Some additional information:

This is the information i receive right after the backup:
Total processed: 413.46 GiB
Snapshot ID: ef95a8b5f72bececf0d1b7ec4b2320036122fd3a8540005aad376f062d83a690 Files: New: 3052285 / Changed: 0 / Untouched: 0
Directories: New: 191275 / Changed: 0 / Untouched: 0

Scenario #2)

I have a repository on the same server, containing 19 snapshots of the same files, this time it is a remote repository and here the “restic […] stats --mode restore-size” never works and always produce errors like “error walking snapshot: walking tree … read blob … from … wrong data returned, hash is …”

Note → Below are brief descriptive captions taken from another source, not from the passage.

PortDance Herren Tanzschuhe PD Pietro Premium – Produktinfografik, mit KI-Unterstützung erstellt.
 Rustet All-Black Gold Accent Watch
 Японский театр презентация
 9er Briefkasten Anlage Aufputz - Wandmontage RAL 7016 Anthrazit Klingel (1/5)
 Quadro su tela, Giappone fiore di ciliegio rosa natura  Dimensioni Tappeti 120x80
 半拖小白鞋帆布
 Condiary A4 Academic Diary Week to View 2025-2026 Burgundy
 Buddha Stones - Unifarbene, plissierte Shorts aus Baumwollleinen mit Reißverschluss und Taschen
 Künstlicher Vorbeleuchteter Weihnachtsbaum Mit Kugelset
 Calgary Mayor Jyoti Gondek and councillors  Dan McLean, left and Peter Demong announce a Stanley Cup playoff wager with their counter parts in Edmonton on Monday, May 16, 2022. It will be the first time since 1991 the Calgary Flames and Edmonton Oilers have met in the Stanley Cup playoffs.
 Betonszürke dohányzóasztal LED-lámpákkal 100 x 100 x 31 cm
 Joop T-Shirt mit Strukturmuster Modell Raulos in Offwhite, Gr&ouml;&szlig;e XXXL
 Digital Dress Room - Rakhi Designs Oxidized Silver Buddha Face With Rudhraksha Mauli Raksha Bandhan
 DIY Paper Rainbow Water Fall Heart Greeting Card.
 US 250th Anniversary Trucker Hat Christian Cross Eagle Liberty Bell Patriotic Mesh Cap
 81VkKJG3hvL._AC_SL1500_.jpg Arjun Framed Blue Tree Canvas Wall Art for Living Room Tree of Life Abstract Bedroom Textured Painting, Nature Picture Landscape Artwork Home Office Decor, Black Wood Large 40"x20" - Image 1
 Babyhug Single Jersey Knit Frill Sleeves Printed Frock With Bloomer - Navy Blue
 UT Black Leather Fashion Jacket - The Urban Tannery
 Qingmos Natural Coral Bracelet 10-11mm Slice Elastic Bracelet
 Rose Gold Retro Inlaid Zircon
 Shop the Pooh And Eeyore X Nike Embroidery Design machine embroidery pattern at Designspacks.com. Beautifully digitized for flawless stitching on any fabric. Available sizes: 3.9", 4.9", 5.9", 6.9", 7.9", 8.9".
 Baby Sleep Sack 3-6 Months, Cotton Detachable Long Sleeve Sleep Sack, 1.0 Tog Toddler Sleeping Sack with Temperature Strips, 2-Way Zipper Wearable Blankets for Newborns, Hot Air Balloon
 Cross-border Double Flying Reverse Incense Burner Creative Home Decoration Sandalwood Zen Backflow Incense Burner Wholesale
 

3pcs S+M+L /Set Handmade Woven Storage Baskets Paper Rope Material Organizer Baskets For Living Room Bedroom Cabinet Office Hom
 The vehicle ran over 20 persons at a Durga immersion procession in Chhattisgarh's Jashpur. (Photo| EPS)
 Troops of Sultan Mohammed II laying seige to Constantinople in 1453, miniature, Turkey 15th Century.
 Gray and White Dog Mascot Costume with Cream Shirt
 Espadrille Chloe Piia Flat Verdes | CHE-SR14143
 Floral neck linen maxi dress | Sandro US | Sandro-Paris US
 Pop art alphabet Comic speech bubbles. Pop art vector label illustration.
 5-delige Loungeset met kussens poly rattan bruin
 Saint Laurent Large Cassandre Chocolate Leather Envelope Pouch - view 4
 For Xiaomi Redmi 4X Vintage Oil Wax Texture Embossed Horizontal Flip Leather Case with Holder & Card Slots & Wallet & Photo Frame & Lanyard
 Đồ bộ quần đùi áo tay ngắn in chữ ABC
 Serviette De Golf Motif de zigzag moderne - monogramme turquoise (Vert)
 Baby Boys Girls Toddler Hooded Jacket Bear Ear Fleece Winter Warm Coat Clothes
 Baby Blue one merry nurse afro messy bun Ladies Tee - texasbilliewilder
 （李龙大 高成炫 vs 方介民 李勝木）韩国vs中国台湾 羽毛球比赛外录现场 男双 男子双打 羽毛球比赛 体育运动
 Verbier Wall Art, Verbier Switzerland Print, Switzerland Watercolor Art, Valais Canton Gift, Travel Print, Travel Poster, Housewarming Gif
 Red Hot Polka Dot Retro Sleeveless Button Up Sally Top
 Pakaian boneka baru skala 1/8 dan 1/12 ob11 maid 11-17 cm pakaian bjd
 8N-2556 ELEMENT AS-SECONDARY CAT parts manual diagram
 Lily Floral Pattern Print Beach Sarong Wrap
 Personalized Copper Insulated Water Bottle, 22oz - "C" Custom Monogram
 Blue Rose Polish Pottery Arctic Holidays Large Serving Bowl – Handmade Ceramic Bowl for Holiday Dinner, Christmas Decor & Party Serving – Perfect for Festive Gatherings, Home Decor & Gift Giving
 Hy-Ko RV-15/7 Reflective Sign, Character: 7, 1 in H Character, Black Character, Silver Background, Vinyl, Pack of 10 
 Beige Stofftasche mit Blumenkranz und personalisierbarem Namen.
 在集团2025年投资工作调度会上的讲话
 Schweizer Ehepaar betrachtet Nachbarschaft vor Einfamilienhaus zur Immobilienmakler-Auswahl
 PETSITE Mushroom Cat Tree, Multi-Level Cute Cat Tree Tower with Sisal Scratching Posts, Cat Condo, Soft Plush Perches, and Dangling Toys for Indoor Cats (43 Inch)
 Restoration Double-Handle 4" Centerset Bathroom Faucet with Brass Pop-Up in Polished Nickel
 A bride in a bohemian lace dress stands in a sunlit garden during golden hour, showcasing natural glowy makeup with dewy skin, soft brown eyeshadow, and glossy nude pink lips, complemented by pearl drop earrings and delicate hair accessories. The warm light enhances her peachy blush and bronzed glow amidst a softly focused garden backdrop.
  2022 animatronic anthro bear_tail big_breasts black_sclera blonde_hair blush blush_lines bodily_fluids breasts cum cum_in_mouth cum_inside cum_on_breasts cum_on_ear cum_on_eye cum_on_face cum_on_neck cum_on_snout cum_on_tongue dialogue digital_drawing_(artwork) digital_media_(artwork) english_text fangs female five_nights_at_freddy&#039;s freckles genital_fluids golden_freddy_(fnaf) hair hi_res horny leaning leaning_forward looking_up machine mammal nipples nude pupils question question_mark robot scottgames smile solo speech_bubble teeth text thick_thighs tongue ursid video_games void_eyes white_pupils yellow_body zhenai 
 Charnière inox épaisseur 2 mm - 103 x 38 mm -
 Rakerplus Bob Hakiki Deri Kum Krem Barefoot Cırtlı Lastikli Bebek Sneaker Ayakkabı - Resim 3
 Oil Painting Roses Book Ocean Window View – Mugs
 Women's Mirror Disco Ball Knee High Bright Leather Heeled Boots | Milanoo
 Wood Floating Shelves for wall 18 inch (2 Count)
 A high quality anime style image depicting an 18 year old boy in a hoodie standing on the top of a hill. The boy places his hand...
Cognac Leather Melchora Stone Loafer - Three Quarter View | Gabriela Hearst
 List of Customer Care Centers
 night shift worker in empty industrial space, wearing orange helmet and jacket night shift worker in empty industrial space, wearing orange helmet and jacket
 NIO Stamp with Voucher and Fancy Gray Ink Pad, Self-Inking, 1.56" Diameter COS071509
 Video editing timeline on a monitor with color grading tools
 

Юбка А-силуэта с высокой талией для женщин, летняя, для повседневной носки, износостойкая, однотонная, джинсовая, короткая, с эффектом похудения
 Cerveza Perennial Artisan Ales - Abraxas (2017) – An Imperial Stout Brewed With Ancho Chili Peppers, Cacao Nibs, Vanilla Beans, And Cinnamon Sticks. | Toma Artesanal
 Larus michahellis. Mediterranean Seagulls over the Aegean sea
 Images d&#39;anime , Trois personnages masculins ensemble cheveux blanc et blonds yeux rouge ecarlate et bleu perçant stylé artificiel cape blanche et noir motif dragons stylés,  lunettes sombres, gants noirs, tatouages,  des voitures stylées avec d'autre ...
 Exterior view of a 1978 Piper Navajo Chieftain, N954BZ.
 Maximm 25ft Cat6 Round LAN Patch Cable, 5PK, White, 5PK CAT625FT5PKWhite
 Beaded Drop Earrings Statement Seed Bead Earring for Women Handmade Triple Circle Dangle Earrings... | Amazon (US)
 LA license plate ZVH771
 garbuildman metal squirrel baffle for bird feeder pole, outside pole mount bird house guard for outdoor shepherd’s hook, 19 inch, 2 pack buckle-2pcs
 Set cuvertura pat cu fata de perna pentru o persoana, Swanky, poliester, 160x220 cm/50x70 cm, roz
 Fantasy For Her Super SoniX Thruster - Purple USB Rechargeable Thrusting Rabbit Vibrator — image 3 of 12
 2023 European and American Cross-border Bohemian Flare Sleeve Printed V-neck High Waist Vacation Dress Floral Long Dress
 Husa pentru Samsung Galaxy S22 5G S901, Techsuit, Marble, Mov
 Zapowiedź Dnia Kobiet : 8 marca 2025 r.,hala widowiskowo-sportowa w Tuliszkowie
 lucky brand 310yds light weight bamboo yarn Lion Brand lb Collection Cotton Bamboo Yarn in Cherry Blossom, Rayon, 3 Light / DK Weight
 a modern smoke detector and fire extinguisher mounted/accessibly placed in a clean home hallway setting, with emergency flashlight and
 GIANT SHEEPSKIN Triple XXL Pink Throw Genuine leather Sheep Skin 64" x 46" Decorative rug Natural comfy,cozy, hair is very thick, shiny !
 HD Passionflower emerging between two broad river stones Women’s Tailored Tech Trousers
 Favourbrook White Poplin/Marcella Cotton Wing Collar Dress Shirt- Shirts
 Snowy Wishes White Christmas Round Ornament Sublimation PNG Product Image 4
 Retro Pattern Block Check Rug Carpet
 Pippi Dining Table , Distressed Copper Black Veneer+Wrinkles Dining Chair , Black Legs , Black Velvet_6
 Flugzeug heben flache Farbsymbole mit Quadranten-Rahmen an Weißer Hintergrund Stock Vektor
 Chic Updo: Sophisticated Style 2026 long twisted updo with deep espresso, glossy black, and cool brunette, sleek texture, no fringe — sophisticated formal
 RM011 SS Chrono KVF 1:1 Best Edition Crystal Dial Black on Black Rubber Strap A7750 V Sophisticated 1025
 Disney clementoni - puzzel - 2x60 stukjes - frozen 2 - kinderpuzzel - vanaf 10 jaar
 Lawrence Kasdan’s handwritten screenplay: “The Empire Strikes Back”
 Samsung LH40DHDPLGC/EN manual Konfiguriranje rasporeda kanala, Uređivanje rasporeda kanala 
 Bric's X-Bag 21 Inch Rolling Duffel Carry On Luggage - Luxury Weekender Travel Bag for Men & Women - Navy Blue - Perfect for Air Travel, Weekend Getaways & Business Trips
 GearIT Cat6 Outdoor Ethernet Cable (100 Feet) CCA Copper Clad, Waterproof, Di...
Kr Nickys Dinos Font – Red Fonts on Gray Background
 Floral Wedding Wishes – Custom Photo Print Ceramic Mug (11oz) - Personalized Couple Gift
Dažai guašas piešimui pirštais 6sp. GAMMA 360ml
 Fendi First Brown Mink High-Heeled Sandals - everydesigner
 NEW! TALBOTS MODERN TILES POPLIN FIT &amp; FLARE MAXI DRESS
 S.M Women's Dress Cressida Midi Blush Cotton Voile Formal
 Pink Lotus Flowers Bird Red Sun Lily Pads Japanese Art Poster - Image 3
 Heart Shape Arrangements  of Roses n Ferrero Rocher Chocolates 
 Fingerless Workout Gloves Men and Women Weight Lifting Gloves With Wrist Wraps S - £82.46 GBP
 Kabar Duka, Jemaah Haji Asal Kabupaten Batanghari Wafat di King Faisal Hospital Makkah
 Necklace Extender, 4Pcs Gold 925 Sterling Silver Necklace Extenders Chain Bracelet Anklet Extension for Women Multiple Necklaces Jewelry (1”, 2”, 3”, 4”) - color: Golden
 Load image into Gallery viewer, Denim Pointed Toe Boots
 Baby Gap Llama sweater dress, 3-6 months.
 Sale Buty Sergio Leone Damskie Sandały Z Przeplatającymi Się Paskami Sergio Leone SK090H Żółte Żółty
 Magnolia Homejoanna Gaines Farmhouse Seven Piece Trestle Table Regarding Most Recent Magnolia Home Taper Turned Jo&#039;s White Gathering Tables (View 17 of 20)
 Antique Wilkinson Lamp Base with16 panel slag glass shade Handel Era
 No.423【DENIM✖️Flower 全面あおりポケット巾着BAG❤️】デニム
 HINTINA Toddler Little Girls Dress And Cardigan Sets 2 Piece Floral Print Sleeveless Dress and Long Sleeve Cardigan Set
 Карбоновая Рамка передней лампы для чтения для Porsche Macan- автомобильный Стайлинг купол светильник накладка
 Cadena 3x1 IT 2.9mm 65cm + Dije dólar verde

I have run the check command “restic […] check –read-data” → no issues reported

using temporary cache in /backup-keyhelp/root/cache/restic-check-cache-1690946878
create exclusive lock for repository
repository 4f3ab639 opened (version 2, compression level auto)
created new cache in /backup-keyhelp/root/cache/restic-check-cache-1690946878
load indexes
[0:01] 100.00% 21 / 21 index files loaded
check all packs
check snapshots, trees and blobs
[0:09] 100.00% 19 / 19 snapshots
read all data
[34:11] 100.00% 9114

I have tried to repair the index → same result

Switched RAM → same result

As i receive the same error as in the “lesser complicated” scenario #1, guess finding the root cause of it there will also help in the more complex scenario #2.

Thank you very much for taking your time to help or guide me in the right direction!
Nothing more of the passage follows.